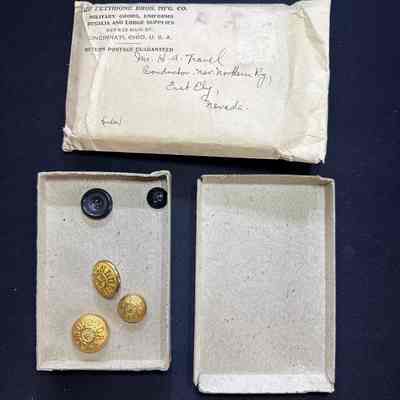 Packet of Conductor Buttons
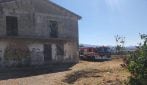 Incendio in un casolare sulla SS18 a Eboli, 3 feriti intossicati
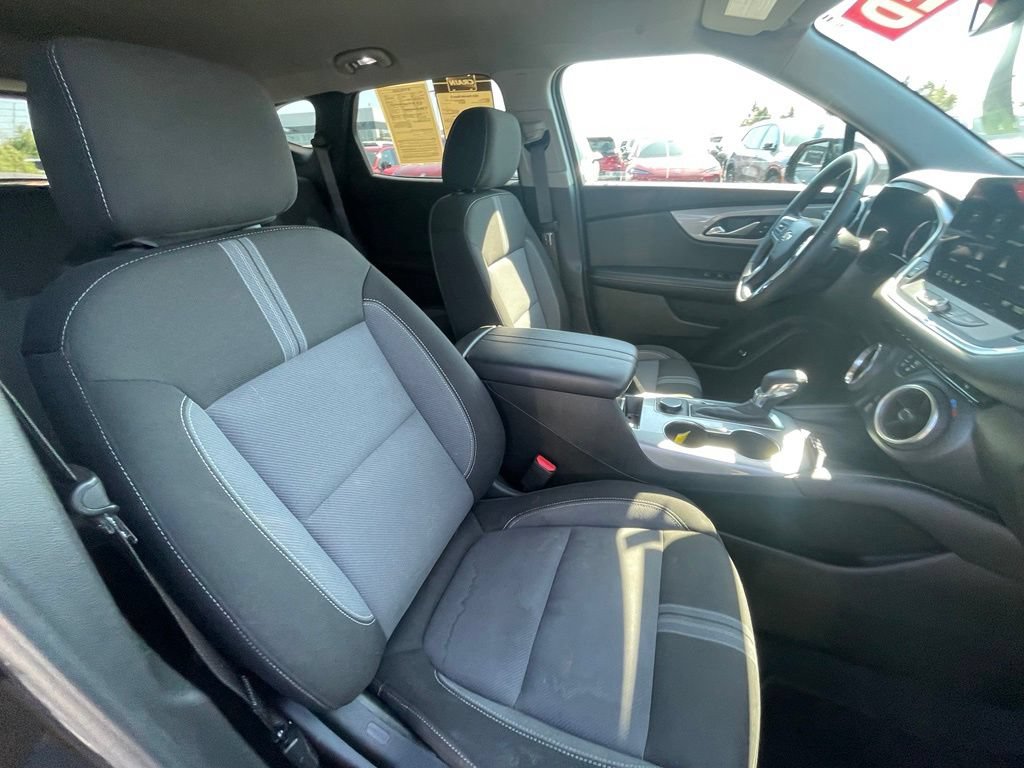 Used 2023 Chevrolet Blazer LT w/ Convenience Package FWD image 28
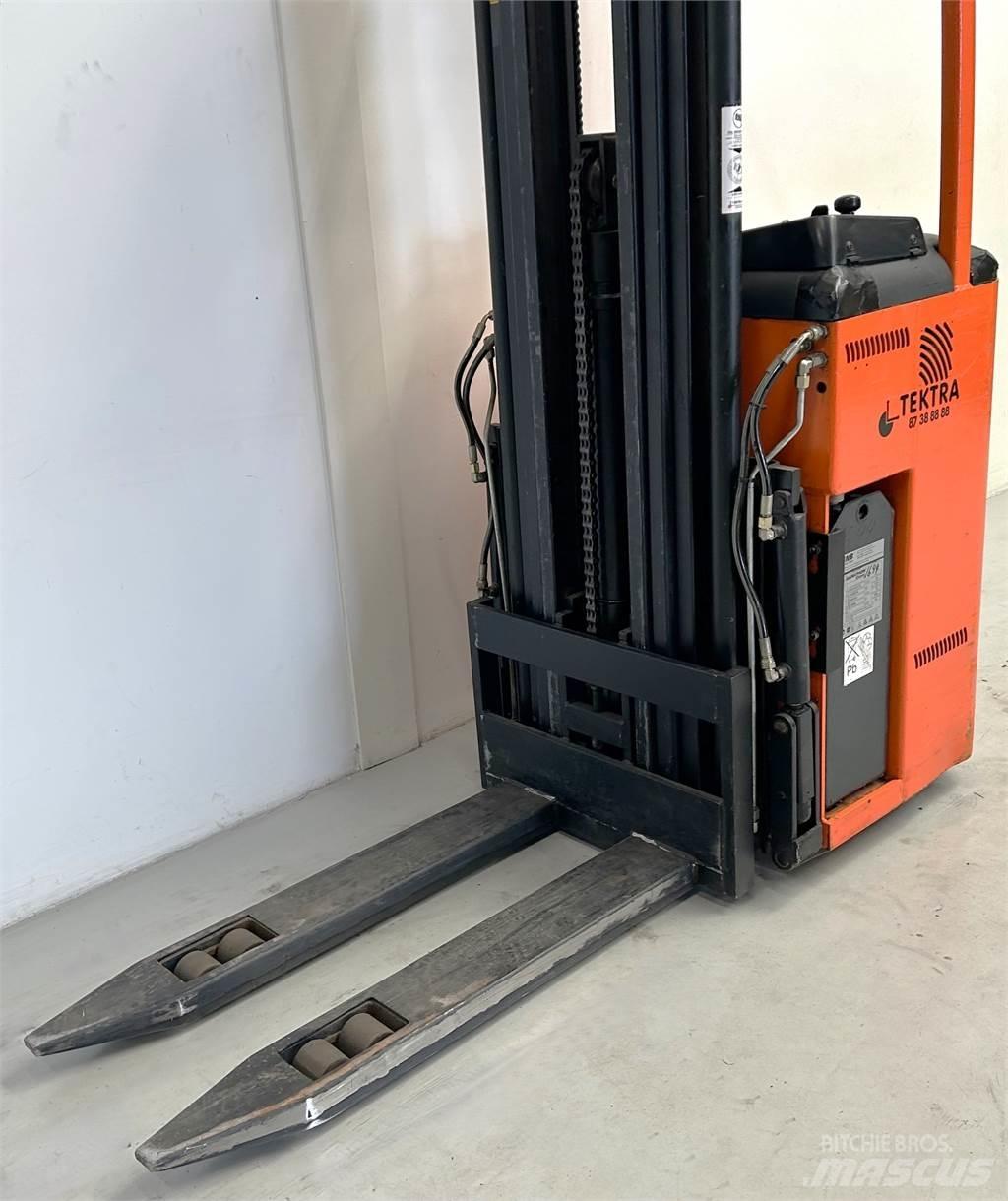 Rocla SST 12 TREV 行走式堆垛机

● TASK REQUIREMENTS:
Take the material above and set it down exactly, minus the images.

● TASK RESULT:
 Packet of Conductor Buttons
 Incendio in un casolare sulla SS18 a Eboli, 3 feriti intossicati
 Used 2023 Chevrolet Blazer LT w/ Convenience Package FWD image 28
 Rocla SST 12 TREV 行走式堆垛机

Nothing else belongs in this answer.